Pas au conseiller de faire tout le travail
Au Groupe Cloutier, Claudine Cloutier se montre plus optimiste quant aux ventes du produit. Selon elle, il a un bel avenir au Canada. « Ce produit n’est pas notre vache à lait pour le moment mais, l’état de notre système de santé se chargera de lui faire de la pub gratuite », a-t-elle commenté, en faisant allusion aux délais d’attentes dans les hôpitaux et les centres hospitaliers de soins de longue durée (CHSLD). Pour l’heure, ses conseillers réalisent surtout des ventes occasionnelles en soins de longue durée. Encore aucun ne se dédie exclusivement à ce marché.

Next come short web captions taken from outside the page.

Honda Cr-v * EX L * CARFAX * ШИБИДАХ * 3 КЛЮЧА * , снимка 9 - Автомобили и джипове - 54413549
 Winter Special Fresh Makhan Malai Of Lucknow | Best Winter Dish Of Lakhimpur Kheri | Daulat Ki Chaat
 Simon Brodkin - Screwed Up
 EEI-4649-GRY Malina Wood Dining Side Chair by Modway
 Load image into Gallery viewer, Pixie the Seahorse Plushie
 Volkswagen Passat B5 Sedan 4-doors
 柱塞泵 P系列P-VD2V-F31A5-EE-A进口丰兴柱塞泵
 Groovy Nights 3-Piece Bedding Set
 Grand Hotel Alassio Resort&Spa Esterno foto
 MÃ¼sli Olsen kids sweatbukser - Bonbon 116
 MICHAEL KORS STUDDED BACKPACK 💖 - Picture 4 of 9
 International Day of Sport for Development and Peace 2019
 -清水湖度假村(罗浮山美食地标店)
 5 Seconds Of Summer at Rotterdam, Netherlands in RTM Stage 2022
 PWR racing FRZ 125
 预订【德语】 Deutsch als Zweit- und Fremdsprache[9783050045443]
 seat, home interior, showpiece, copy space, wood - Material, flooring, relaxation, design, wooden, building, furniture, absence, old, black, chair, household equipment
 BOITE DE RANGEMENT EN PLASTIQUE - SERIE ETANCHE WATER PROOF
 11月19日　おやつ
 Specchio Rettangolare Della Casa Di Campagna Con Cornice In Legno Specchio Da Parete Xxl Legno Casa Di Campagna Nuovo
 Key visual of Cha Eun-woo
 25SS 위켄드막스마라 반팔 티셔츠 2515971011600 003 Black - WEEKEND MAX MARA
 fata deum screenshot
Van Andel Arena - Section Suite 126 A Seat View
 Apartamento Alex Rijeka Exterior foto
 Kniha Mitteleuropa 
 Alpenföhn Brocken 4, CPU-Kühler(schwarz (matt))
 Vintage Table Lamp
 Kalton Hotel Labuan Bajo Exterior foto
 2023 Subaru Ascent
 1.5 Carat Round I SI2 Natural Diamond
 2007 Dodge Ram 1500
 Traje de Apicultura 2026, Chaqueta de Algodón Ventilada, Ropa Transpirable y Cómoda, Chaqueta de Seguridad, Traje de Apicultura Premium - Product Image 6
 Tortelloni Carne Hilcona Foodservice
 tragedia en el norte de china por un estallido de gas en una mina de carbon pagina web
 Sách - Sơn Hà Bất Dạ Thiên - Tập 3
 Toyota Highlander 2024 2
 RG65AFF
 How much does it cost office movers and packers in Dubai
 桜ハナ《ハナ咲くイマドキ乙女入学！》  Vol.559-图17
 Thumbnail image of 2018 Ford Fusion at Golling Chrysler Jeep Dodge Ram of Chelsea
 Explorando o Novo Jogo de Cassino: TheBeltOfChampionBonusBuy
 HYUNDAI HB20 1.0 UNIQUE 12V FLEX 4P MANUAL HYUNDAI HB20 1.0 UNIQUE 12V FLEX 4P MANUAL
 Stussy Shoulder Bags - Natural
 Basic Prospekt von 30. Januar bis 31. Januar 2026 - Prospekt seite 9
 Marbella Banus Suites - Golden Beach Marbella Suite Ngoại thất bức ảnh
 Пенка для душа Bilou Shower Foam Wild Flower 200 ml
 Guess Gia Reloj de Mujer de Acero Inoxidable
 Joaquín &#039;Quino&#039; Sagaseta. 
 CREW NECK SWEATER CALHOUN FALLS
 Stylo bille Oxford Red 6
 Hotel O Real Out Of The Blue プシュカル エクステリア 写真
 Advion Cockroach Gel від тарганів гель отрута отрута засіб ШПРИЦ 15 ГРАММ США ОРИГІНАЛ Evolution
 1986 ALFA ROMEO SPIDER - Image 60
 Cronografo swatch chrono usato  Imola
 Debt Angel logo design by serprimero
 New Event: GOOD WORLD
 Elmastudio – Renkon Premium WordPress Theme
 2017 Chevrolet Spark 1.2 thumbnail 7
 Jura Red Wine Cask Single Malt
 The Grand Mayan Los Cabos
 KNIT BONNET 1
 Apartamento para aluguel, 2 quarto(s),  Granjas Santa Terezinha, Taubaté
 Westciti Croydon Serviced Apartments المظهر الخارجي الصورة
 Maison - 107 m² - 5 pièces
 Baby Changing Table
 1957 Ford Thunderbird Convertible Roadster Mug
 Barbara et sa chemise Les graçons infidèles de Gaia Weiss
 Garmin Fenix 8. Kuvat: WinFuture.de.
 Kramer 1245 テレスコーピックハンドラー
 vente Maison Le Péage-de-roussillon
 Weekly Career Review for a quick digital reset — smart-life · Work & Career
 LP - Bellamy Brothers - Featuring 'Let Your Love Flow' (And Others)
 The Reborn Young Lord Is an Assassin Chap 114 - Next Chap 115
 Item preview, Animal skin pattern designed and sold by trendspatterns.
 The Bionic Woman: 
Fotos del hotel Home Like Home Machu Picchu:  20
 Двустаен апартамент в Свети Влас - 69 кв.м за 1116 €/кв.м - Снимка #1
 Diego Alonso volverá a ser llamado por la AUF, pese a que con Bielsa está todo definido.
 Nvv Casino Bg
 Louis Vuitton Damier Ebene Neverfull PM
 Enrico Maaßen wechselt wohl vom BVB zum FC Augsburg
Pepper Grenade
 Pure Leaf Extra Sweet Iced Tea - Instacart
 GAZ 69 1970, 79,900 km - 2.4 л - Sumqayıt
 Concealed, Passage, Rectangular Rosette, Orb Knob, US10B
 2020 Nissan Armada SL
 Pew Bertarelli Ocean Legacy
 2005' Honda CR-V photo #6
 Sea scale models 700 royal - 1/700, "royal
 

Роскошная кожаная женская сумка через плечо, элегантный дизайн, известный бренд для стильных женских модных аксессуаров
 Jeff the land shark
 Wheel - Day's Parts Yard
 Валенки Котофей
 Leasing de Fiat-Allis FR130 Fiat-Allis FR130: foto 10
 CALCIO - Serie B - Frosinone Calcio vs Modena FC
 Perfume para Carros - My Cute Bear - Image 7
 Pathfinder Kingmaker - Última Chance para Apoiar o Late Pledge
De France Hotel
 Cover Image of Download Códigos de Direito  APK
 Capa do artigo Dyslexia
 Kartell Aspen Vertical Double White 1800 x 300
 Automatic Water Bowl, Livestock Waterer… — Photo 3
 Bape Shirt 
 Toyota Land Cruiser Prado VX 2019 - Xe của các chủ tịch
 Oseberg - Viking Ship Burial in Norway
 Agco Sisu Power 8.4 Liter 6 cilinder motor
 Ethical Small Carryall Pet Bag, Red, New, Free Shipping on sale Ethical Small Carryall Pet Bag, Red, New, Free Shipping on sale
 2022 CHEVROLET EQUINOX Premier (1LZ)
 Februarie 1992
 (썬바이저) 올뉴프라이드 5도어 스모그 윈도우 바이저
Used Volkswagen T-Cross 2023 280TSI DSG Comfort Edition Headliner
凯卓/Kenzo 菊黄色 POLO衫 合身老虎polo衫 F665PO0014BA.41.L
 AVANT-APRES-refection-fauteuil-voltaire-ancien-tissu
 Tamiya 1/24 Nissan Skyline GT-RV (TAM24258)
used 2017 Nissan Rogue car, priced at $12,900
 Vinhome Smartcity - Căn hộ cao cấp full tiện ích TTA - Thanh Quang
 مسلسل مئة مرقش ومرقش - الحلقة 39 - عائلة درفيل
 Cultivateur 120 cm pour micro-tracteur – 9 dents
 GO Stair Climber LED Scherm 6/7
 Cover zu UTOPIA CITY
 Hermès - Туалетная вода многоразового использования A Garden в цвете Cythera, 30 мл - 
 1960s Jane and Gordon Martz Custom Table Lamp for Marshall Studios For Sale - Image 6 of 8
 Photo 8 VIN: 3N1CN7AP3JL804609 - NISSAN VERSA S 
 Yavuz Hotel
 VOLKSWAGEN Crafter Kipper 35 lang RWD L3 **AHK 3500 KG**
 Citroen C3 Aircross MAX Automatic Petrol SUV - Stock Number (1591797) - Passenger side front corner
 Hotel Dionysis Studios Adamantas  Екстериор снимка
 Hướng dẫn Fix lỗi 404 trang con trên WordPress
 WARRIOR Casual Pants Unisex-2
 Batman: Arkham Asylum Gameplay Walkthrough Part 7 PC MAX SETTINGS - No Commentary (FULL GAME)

Elle insiste toutefois sur le fait que la solution aux ventes modestes de l’assurance de soins de longue durée ne peut venir uniquement du conseiller. Les assureurs doivent en faire un marketing systématique et ciblé, à la télé, à la radio. Les nouvelles sur le système de santé feront le reste, croit-elle. « Quand le client entend parler d’un produit de quelqu’un d’autre que son conseiller, le degré de sensibilisation est meilleur », dit Mme Cloutier.